Bayesian estimation of multivariate Gaussian Markov random fields with constraint.

This article concerns with conditionally formulated multivariate Gaussian Markov random fields (MGMRF) for modeling multivariate local dependencies with unknown dependence parameters subject to positivity constraint. In the context of Bayesian hierarchical modeling of lattice data in general and Bayesian disease mapping in particular, analytic and simulation studies provide new insights into various approaches to posterior estimation of dependence parameters under "hard" or "soft" positivity constraint, including the well-known strictly diagonal dominance criterion and options of hierarchical priors. Hierarchical centering is examined as a means to gain computational efficiency in Bayesian estimation of multivariate generalized linear mixed effects models in the presence of spatial confounding and weakly identified model parameters.
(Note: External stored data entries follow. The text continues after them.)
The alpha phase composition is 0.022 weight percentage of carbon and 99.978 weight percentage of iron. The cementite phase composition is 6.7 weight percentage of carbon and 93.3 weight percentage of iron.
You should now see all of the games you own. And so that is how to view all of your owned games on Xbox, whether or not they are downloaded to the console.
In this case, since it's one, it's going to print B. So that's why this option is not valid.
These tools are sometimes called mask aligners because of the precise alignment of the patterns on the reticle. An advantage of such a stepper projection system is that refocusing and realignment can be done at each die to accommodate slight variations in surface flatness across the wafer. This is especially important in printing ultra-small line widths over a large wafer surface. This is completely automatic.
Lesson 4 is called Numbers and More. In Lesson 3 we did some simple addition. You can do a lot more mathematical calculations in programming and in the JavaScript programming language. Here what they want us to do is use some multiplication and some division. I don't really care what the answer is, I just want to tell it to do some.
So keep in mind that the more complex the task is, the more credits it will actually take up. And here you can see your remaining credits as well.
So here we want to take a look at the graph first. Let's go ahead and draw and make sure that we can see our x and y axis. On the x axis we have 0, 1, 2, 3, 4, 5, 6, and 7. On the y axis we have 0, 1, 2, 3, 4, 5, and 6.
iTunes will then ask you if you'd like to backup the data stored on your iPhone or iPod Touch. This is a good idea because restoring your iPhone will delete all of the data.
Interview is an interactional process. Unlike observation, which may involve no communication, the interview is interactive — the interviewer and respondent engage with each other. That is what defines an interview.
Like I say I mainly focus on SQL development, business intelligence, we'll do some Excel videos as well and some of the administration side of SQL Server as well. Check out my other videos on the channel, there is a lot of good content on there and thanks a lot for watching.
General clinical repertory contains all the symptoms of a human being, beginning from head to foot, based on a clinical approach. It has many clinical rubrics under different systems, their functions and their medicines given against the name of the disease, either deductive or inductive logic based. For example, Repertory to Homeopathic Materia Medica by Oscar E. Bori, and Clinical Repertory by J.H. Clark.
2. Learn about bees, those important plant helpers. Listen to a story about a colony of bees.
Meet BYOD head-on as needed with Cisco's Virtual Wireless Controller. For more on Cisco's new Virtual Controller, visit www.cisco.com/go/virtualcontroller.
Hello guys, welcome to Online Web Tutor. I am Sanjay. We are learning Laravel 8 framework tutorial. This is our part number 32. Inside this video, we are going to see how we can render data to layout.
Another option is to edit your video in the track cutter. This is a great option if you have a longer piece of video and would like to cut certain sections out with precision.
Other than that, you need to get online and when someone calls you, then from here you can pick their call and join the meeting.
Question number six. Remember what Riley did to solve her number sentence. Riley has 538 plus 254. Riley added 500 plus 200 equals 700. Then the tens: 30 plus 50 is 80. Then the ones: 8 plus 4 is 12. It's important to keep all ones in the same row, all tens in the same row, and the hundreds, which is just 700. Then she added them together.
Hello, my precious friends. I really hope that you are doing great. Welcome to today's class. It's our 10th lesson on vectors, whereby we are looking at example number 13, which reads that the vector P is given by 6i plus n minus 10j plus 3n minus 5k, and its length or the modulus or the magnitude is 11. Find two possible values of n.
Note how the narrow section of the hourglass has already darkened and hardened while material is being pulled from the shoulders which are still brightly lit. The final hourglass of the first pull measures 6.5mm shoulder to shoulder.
Simulated data on irregular or regular lattice, and three datasets from the multivariate and spatiotemporal disease mapping literature, are used for illustration. The present investigation also sheds light on the use of deviance information criterion for model comparison, choice, and interpretation in the context of posterior risk predictions judged by borrowing-information and bias-precision tradeoff. The article concludes with a summary discussion and directions of future work. Potential applications of MGMRF in spatial information fusion and image analysis are briefly mentioned.